Traditional rotary wing aircraft in general suffer from common high aerodynamic drag inefficiencies incurred during the lifting of high mass payloads at high horizontal air velocities. When such capability is required the designer of a heavy lifting helicopter must resort to expensive large diameter rotors and a similarly expensive and complicated, high drag rotor hub. Helicopter rotor lift is a function of rotor diameter, rotor blade number and radial velocity and thus there exist significant physical limitations involved in the design and production of an optimized rotary wing. In general aviation, the task of lifting high mass payloads are left to the much more suitable airplane.

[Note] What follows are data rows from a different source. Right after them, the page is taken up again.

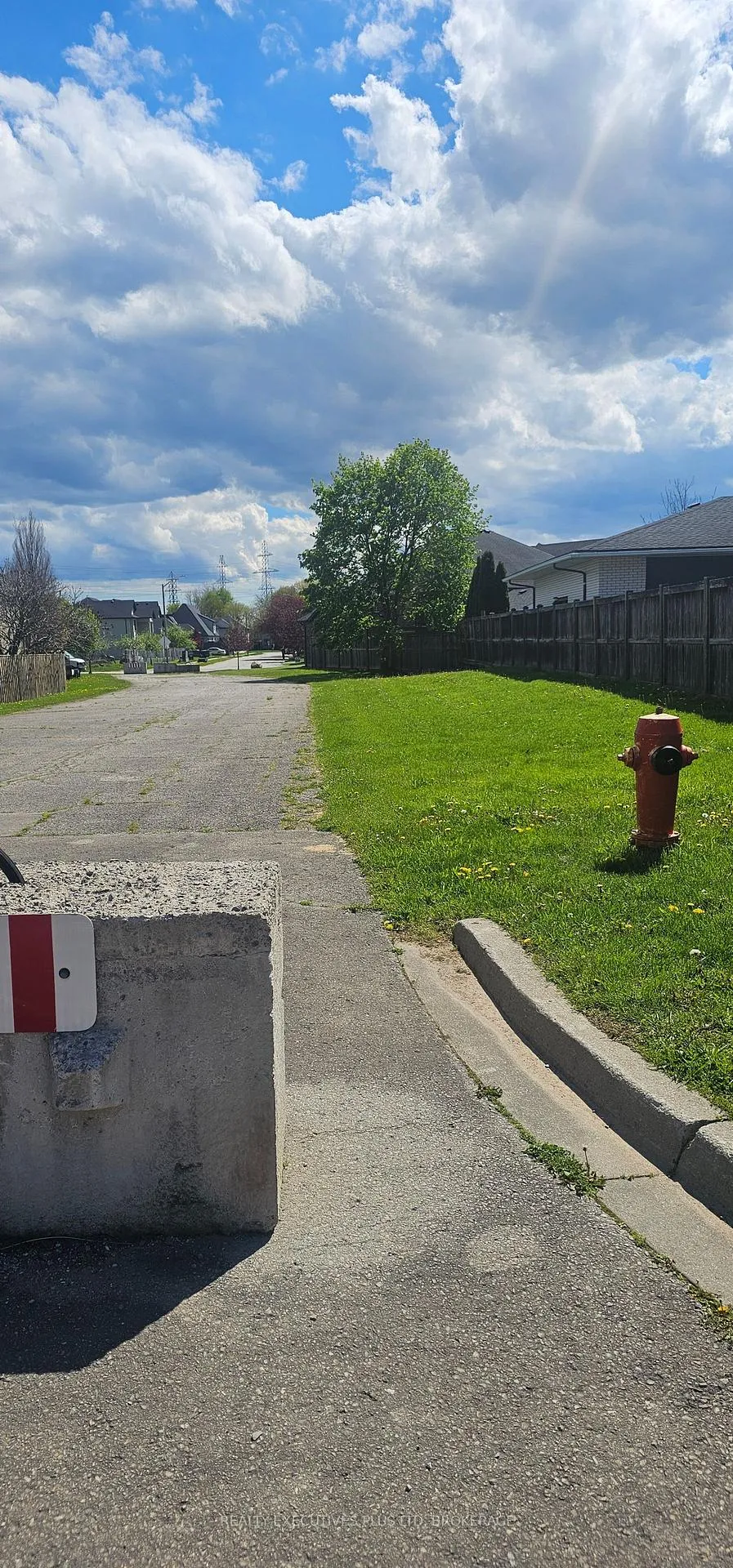 Photo 1 of 6580 Mountain Road, Niagara Falls, Stamford — HOMEH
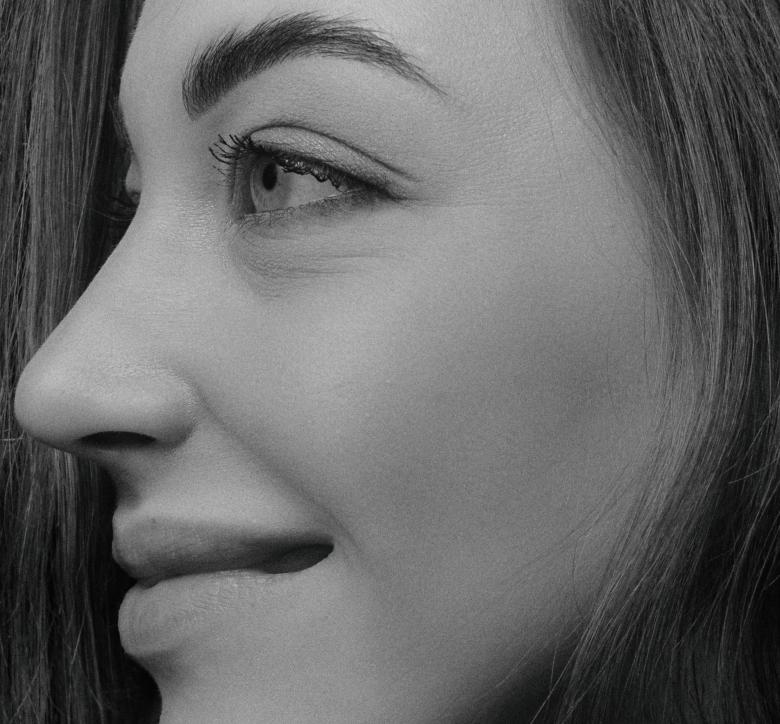 Free stock image of Female profile created by Alexander Krivitskiy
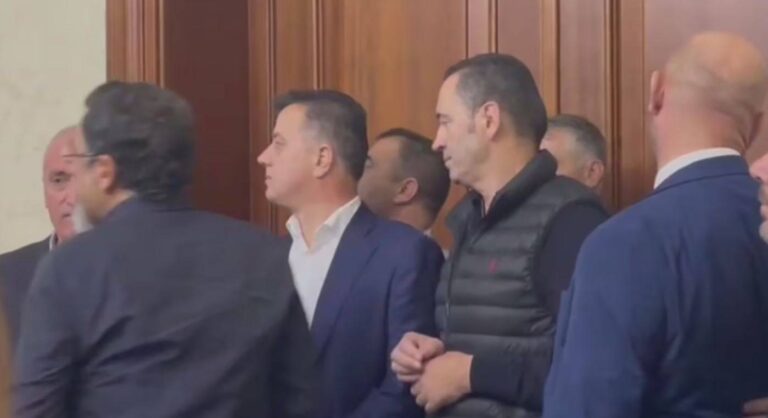VOA: Tensione në parlamentin shqiptar, opozita tenton të bllokojë mbledhjet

Propeller driven fixed-wing aircraft mitigate rotary wing inefficiencies incurred at high horizontal air velocities and enable the lifting of high mass payloads by overcoming the lower induced drag incurred in moving a comparatively lower velocity, low wing-loading, high lift generating, low drag coefficient airfoil in the direction of aircraft motion. Together with a reduced power output propulsion system, the combination results in an aircraft with much diminished overall induced drag and therefore higher fuel efficiency.